@ptrblck, Hi!
I’m trying to visualize the adversarial images generated by this script:
https://pytorch.org/tutorials/beginner/fgsm_tutorial.html
This tutorial is used for the mnist data. Now I want to use for other data which is trained using the inception_v1 architecture, below is the gist for that one:
from __future__ import print_function
import torch
import torch.nn as nn
import torch.nn.functional as F
import torch.optim as optim
from torchvision import datasets, models, transforms
import numpy as np
import matplotlib.pyplot as plt
import os
epsilons = [0, .05, .1, .15, .2, .25, .3]
pretrained_model = "googlenet/googlenet_aux03_ep30.pth"
use_cuda=True
Net = models.googlenet()
#Even if set aux_logits to False, the state_dict throws the unexpected aux arguments.
num_ftrs = Net.aux2.fc2.in_features
Net.aux2.fc2 = nn.Linear(num_ftrs, 5)
num_ftrs = Net.fc.in_features
Net.fc = nn.Linear(num_ftrs, 5)
test_loader = torch.utils.data.DataLoader(
datasets.ImageFolder(os.path.join('data/val'), transform=transforms.Compose([
transforms.Resize(224),
transforms.RandomCrop(224),
transforms.ToTensor(),
transforms.Normalize([0.485, 0.456, 0.406], [0.229, 0.224, 0.225])
])),
batch_size=1, shuffle=True)
print("CUDA Available: ",torch.cuda.is_available())

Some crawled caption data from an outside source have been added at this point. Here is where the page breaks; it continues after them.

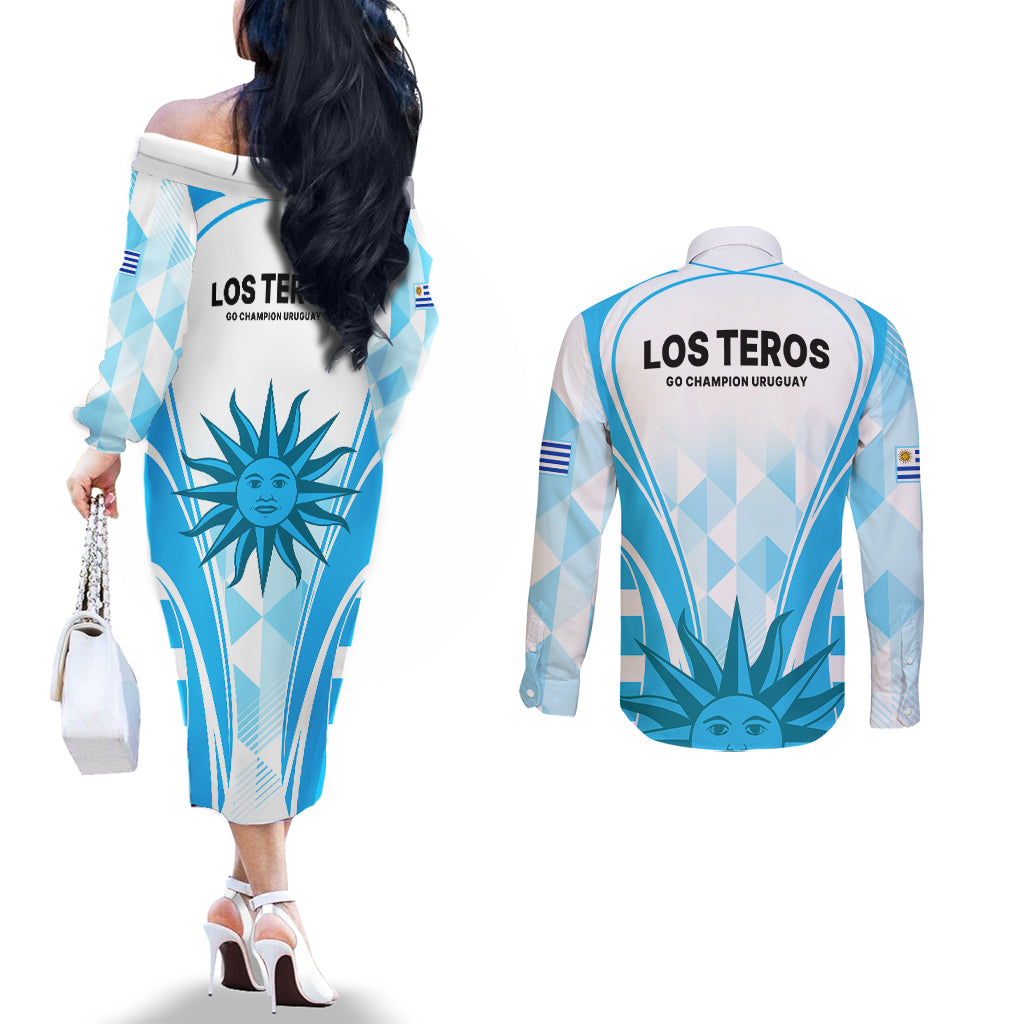 uruguay-rugby-couples-matching-off-the-shoulder-long-sleeve-dress-and-long-sleeve-button-shirts-world-cup-2023-go-los-teros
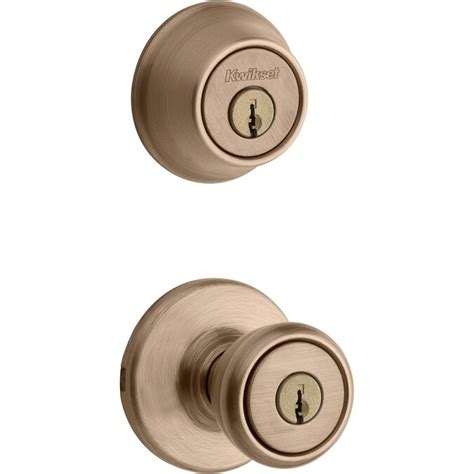 Kwikset Tylo Antique Brass Double Cylinder Deadbolt Keyed Entry Door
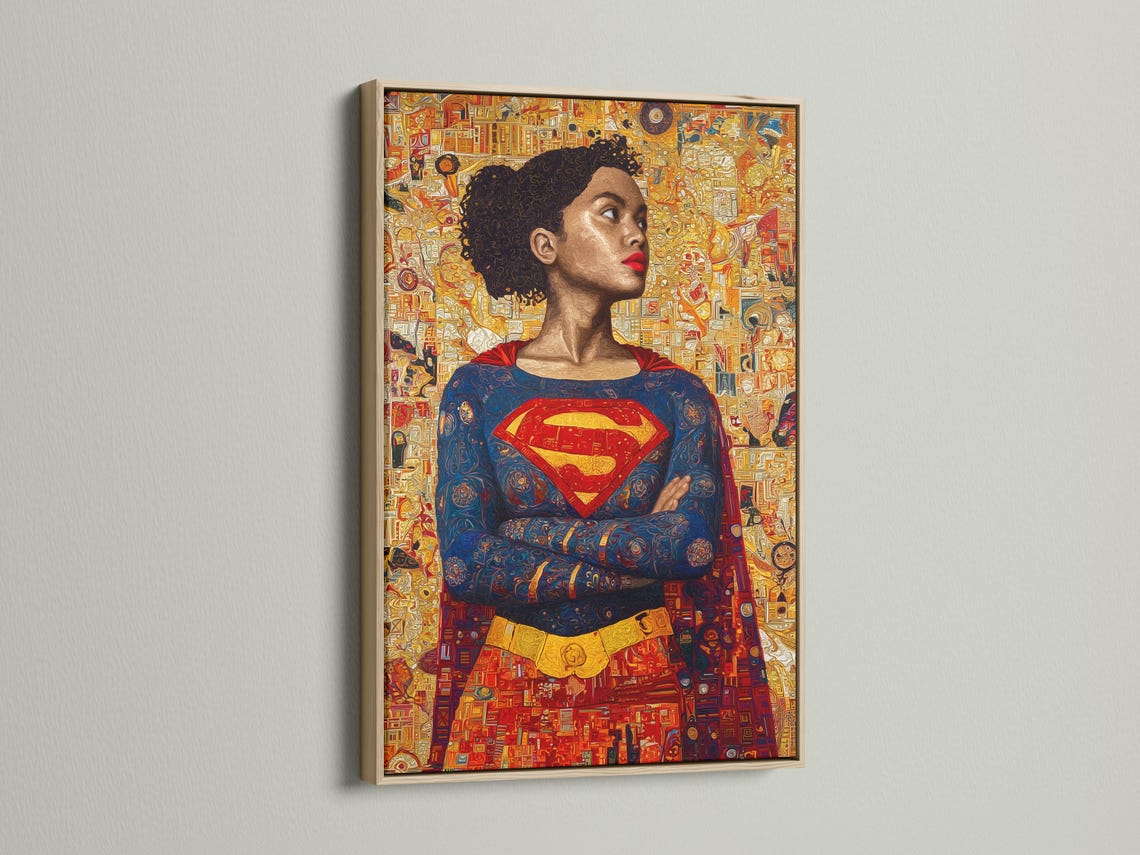 Room mockup showing a framed artwork of a superhero woman portrait on a wall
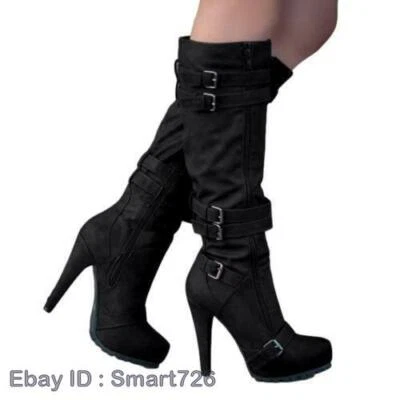 Women's High Heel Platform Buckle Knee High Boots Casual Gothic 40/43 Outdoor D - Image 1 of 4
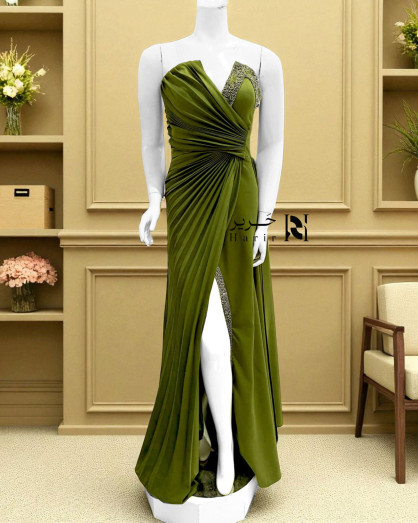 Olive Draped Evening Gown with Sequin-Embellished Neckline - Olive Draped Evening Gown with Sequin-Embellished Neckline -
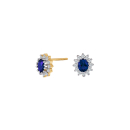 8kt. goldohrringe Rosette m/synth. Saphir und cz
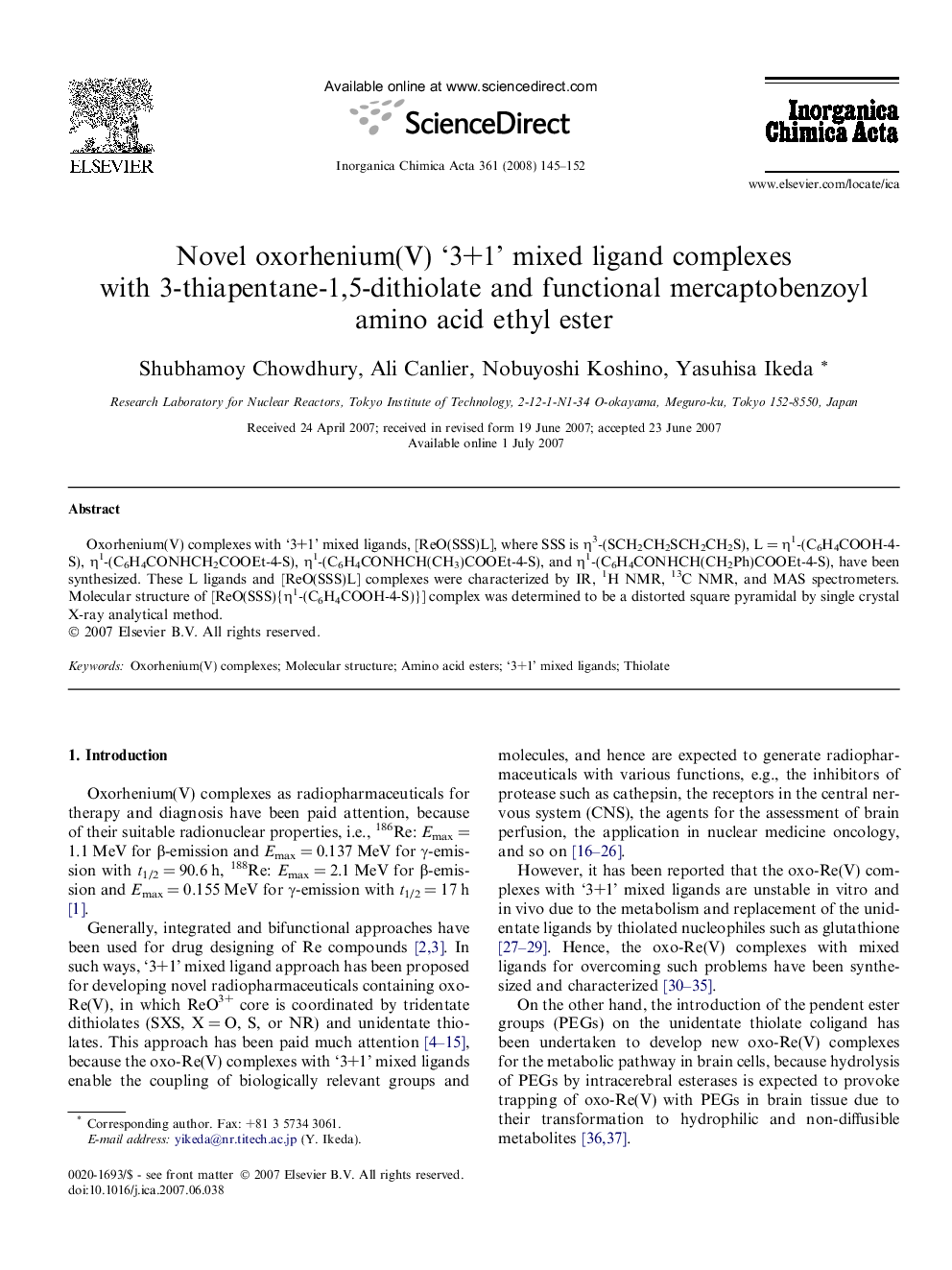 Novel oxorhenium(V) ‘3+1’ mixed ligand complexes with 3-thiapentane-1,5-dithiolate and functional mercaptobenzoyl amino acid ethyl ester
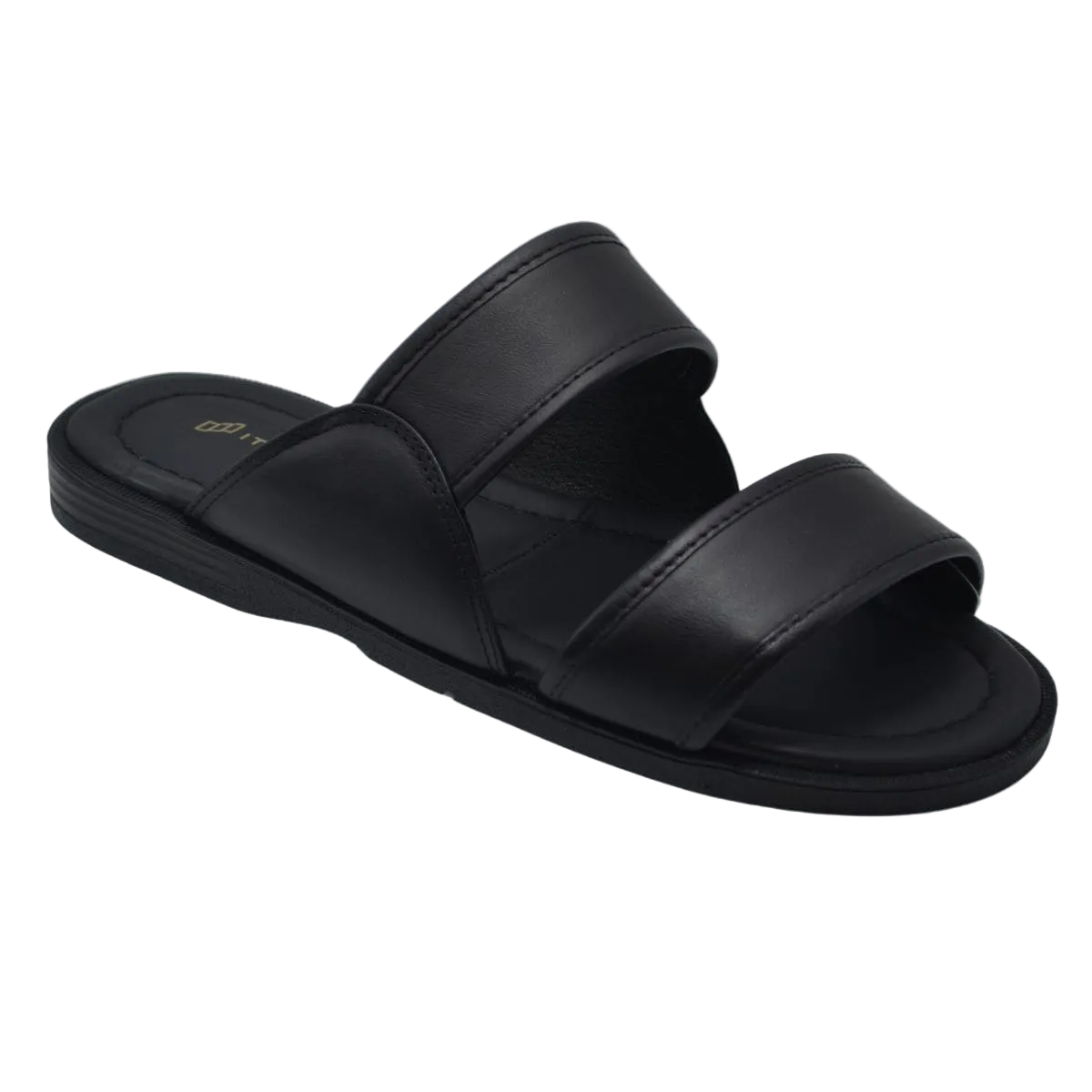 5 - Premium Genuine Leather Mens Slip-on Sandals - Black - Made in Brazil - Italianinho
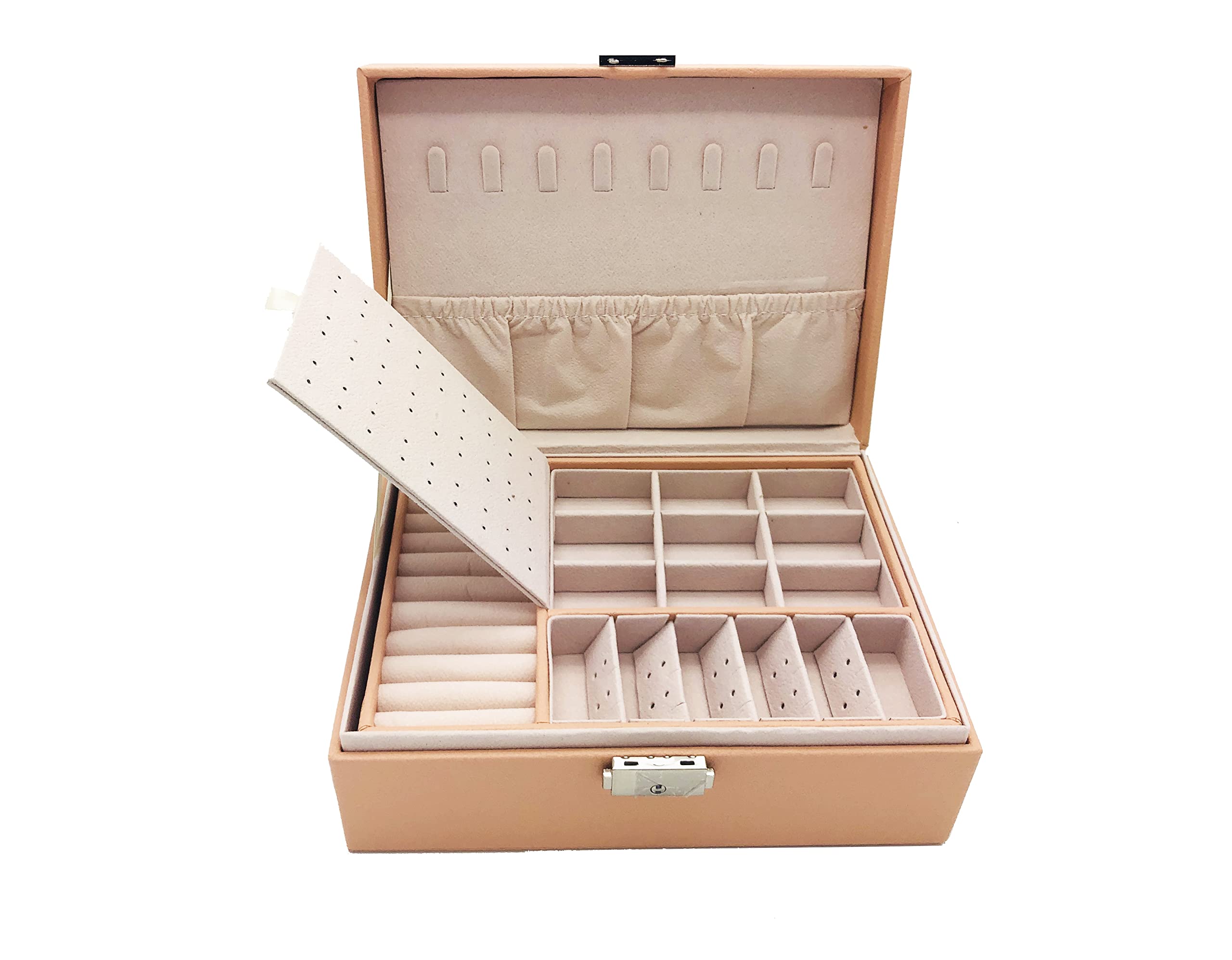 PACEKONER 2-Layer Lockable Jewelry Box Organizer for Women & Girls - Pink Jewelry Storage Case with Key for Necklaces, Rings & Earrings - Perfect for Travel, Home Decor & Gift Giving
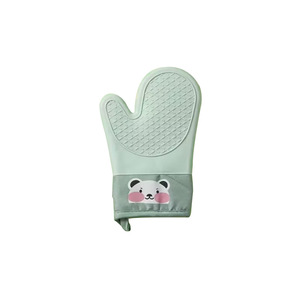 Oven Mitts Thickened Silicone Heat Resistant <b>Green</b> Bear Cartoon Design For Baking <b>Microwave</b> Oven Use - Product Image 5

device = torch.device("cuda:1" if (use_cuda and torch.cuda.is_available()) else "cpu")
model = Net.to(device)
model.load_state_dict(torch.load(pretrained_model, map_location='cpu'))
model.eval()
def fgsm_attack(image, epsilon, data_grad):
# Collect the element-wise sign of the data gradient
sign_data_grad = data_grad.sign()
# Create the perturbed image by adjusting each pixel of the input image
perturbed_image = image + epsilon*sign_data_grad
# Adding clipping to maintain [0,1] range
perturbed_image = torch.clamp(perturbed_image, 0, 1)
# Return the perturbed image
return perturbed_image
def test( model, device, test_loader, epsilon ):
# Accuracy counter
correct = 0
adv_examples = []
# Loop over all examples in test set
for data, target in test_loader:
# Send the data and label to the device
data, target = data.to(device), target.to(device)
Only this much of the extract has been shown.